他先前喝的水就多,尿出来的水液虽多,却很清澈,从粉嫩可爱的性器顶端流出来,瞧着竟然有几分可爱。
尿了……还是尿出来了……
在先生手里尿了出来……
热乎乎的尿水淅淅沥沥地流出,阮棠身体完全放松下来,眼神失神地盯着瓷砖,任由性器被沈寒凛把着,尿液对准便池喷涌而出。
虽然是上厕所,却与失禁无异。
要是镜子覆盖的面积再大点……他不敢想象他会在镜子里看到多么令人羞耻的画面。
沈寒凜心情愉悦地亲着他脖子,眼睛却一直悄悄盯着那张粉嫩的小嘴。会有这么一天的,不是吹口哨,而是自己挺腰把人操得喷出来,黄黄白白的液体流满一地,不管多么死命掐那道小口也兜不住。
只可惜他人就只有一个,不然他还是挺乐意给阮棠口交的,吸得他前后快感激荡,在他嘴里释放。

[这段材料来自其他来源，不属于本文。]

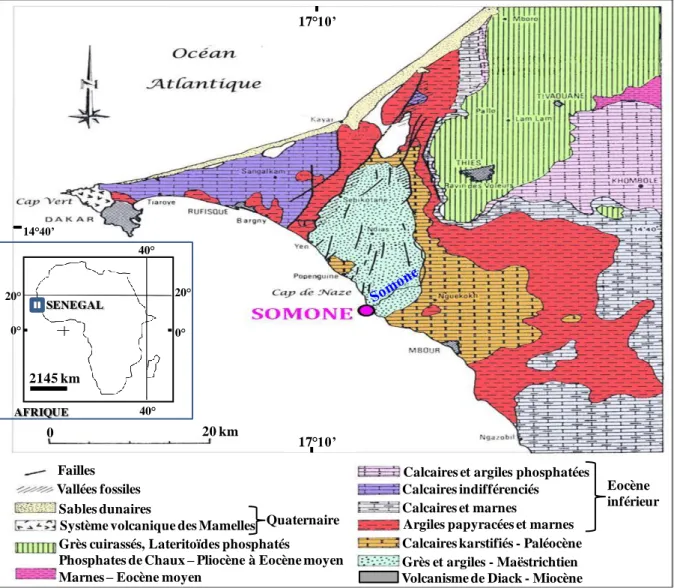 Figure 4 : Carte géologique de la presqu’île du Cap-Vert (d’après Ducasse et al., 1978)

等阮棠尿完,沈寒凛擦拭好他下身,又给他提好裤子。他嘴边还噙着笑容,一抬头,却对上一双空洞麻木的眼睛。
像被玩坏的破布娃娃。
「怎么了?」沈寒凛原本以为会兴奋得无法自已,可是没有,他反正有点慌了起来。他赶紧擦干手将人抱进怀里,心疼地低哄:「对不起,是先生不好……」
「不是的。」阮棠终于有反应了,在男人温暖的怀抱里怯怯地抬眼。眨眨眼晶莹的泪珠从那双清亮的猫眼落下,可那双眼睛里却没有抗拒:「先生对我做什么都可以。而且、而且……」
后面那句细如蚊呐,可沈寒凛还是听清楚了。
「我也是喜欢的。」
一开始,阮棠确实是因为要记得迁就和包容沈寒凛而不反抗,可是到后来……
他绝对不会告诉沈寒凛,自己刚刚在幻想被他摁在镜子前操到喷尿的画面。